*Given records:*
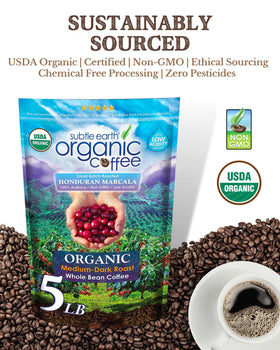 Cafe Don Pablo Subtle Earth Organic Coffee 5lb bag with airtight seal, designed for long-lasting freshness.
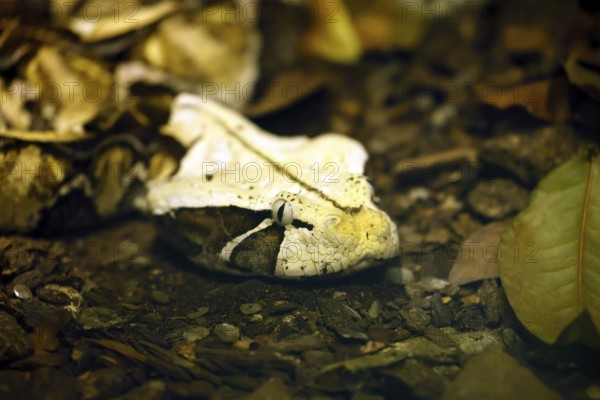 Eastern Gabon viper (Bitis gabonica), adult, portrait, alert, ground, foraging, Gabon, Africa, captive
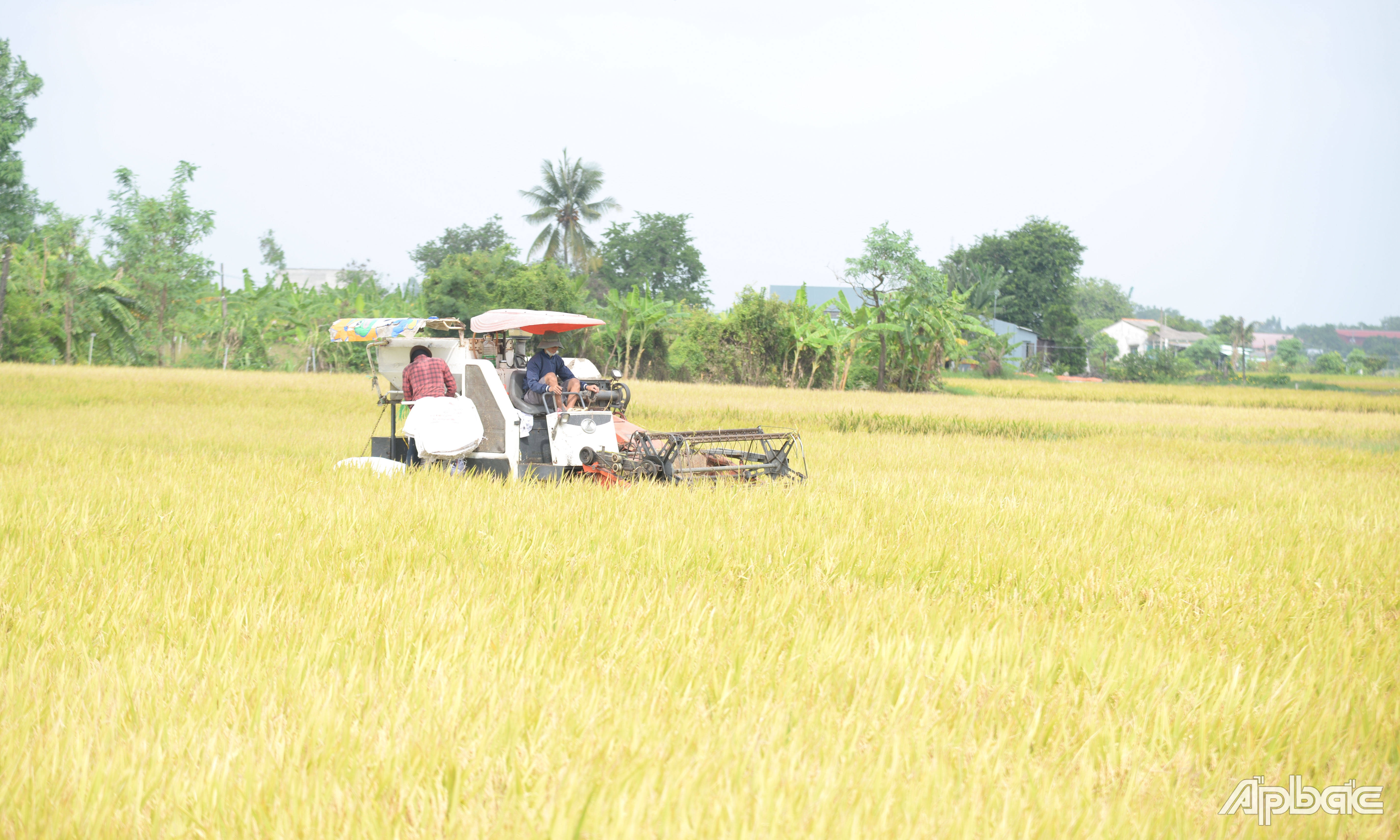 Tiền Giang đăng ký tham gia Đề án với diện tích 29.500 ha.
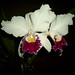 Ann Sanders Photo 21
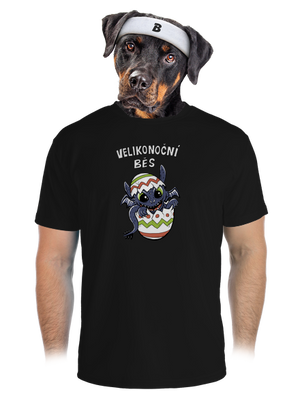 pánské sportovní tričko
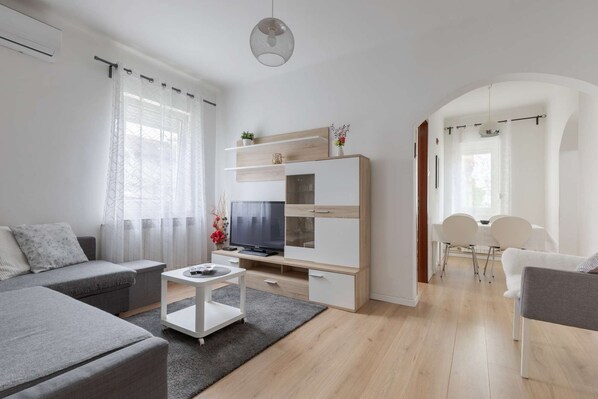 Living room with sofa bed and TV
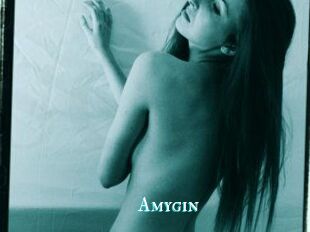 Amygin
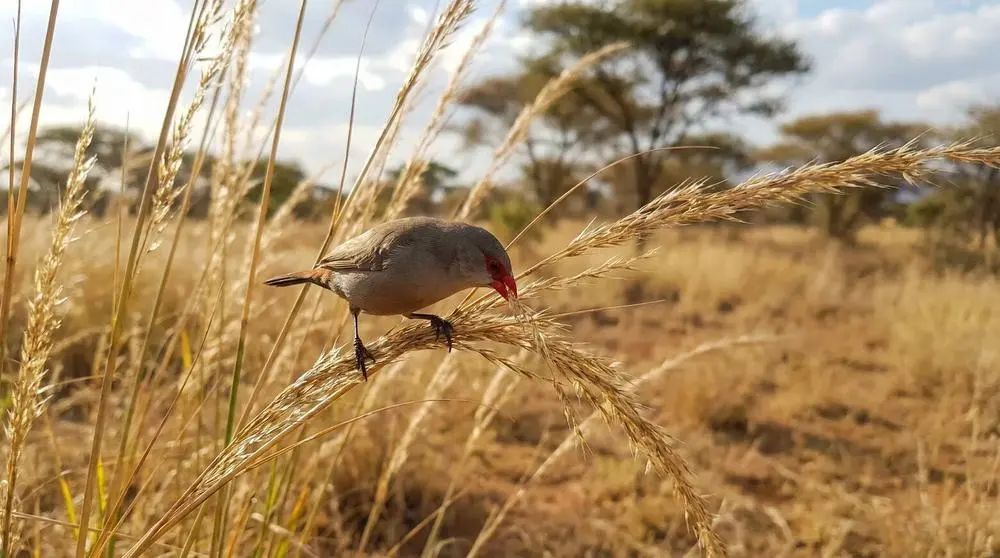 Photographing Wildlife in Moremi Game Reserve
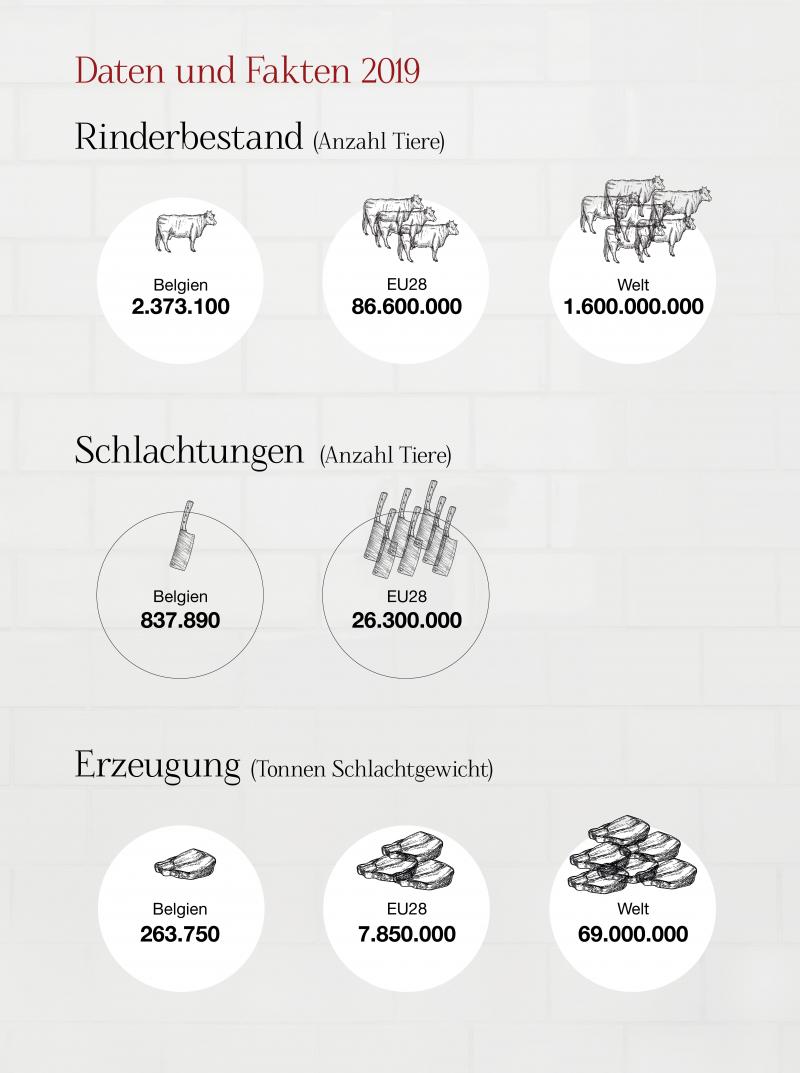 Daten und Fakten 2019.jpg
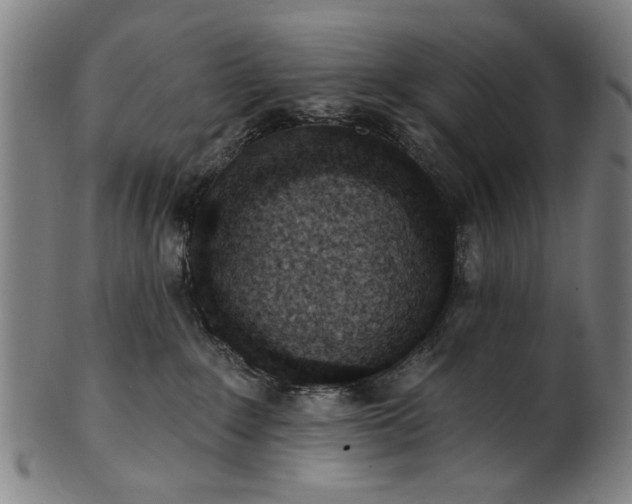 X0000101230235200807111128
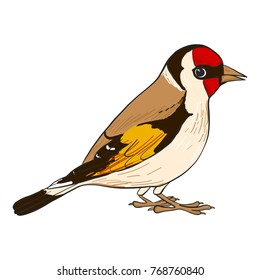 goldfinch, vector bird, hand drawn songbird, isolated vector elements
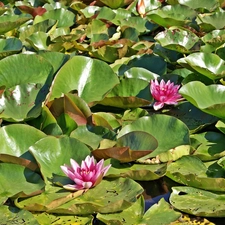 water, Pond - car, lilies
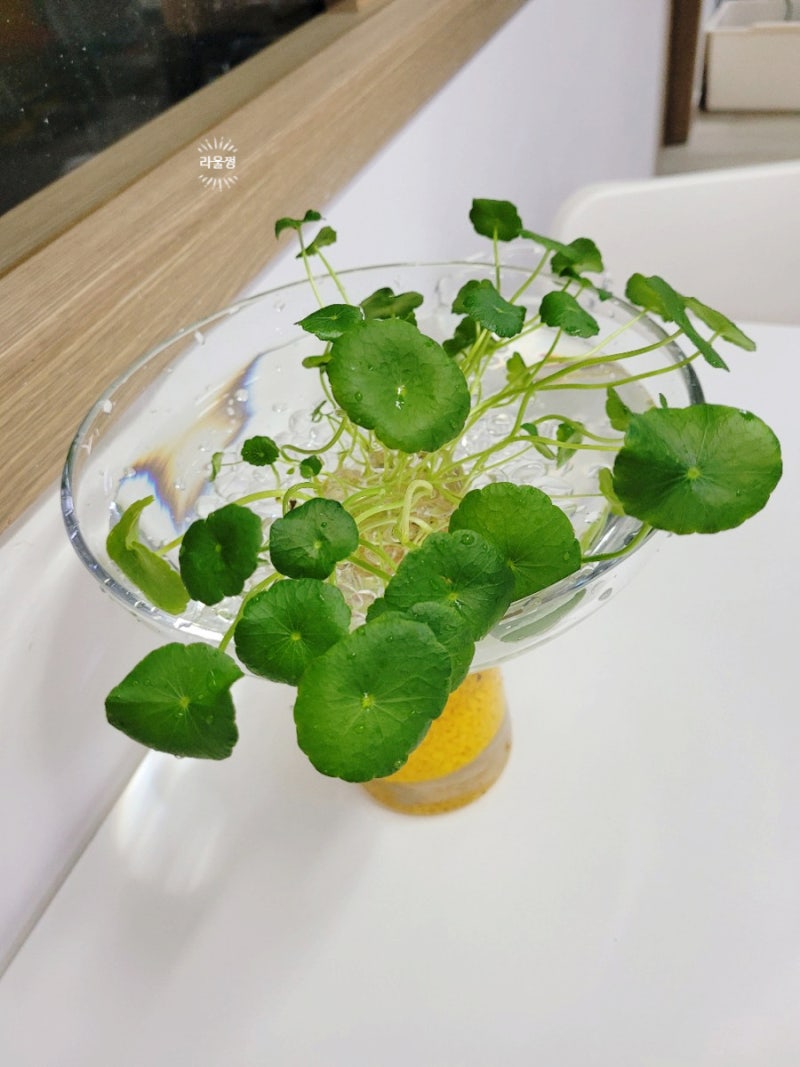 워터코인 수경재배하기 : 네이버 블로그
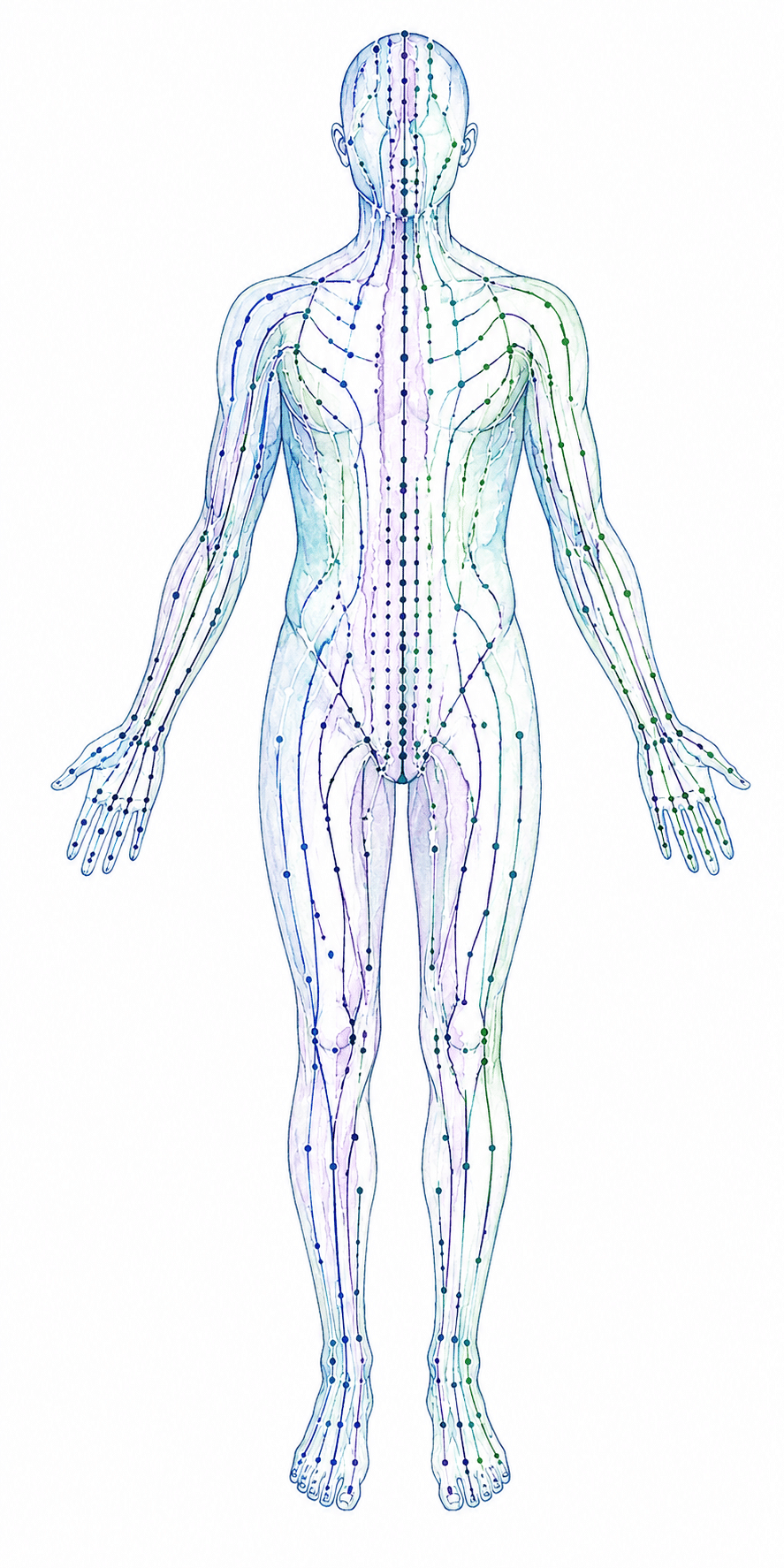 Meridian Channels and the Primo Vascular System Conduit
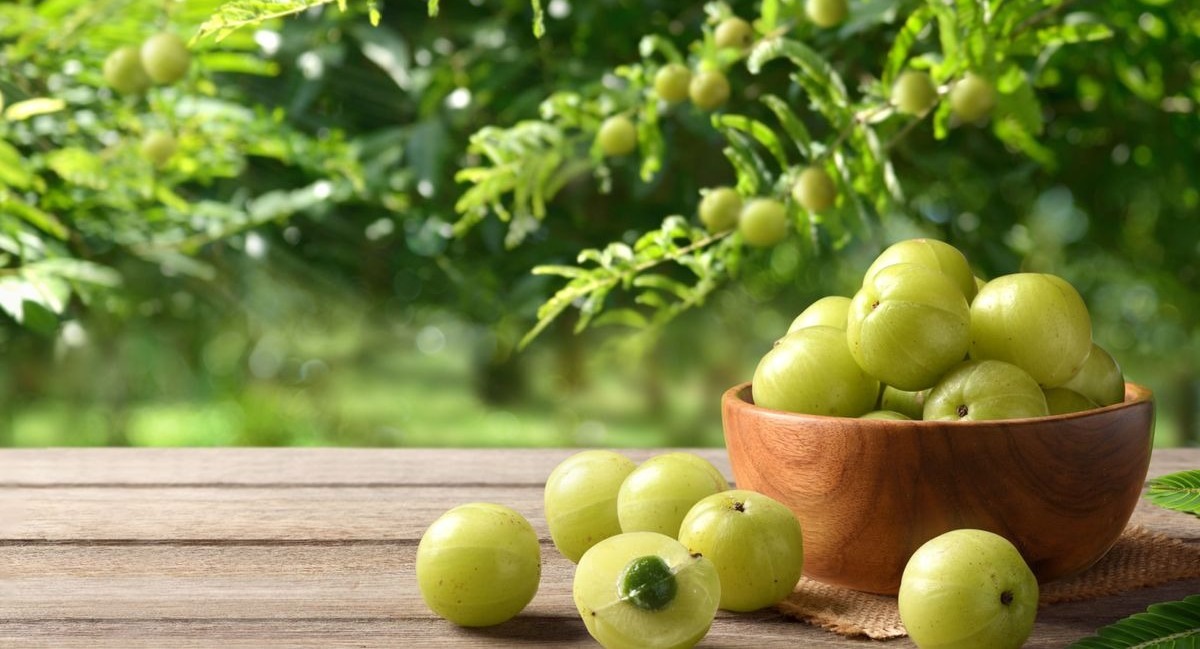 Ancient Ayurveda’s gift: Modern health benefits of Amla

*Requirement:* From the line that holds "water, Pond - car, lilies" down to the last line of the material above, every line is to be copied exactly, both ends included; pictures are to be omitted.

*Task solution:*
 water, Pond - car, lilies
 워터코인 수경재배하기 : 네이버 블로그
 Meridian Channels and the Primo Vascular System Conduit
 Ancient Ayurveda’s gift: Modern health benefits of Amla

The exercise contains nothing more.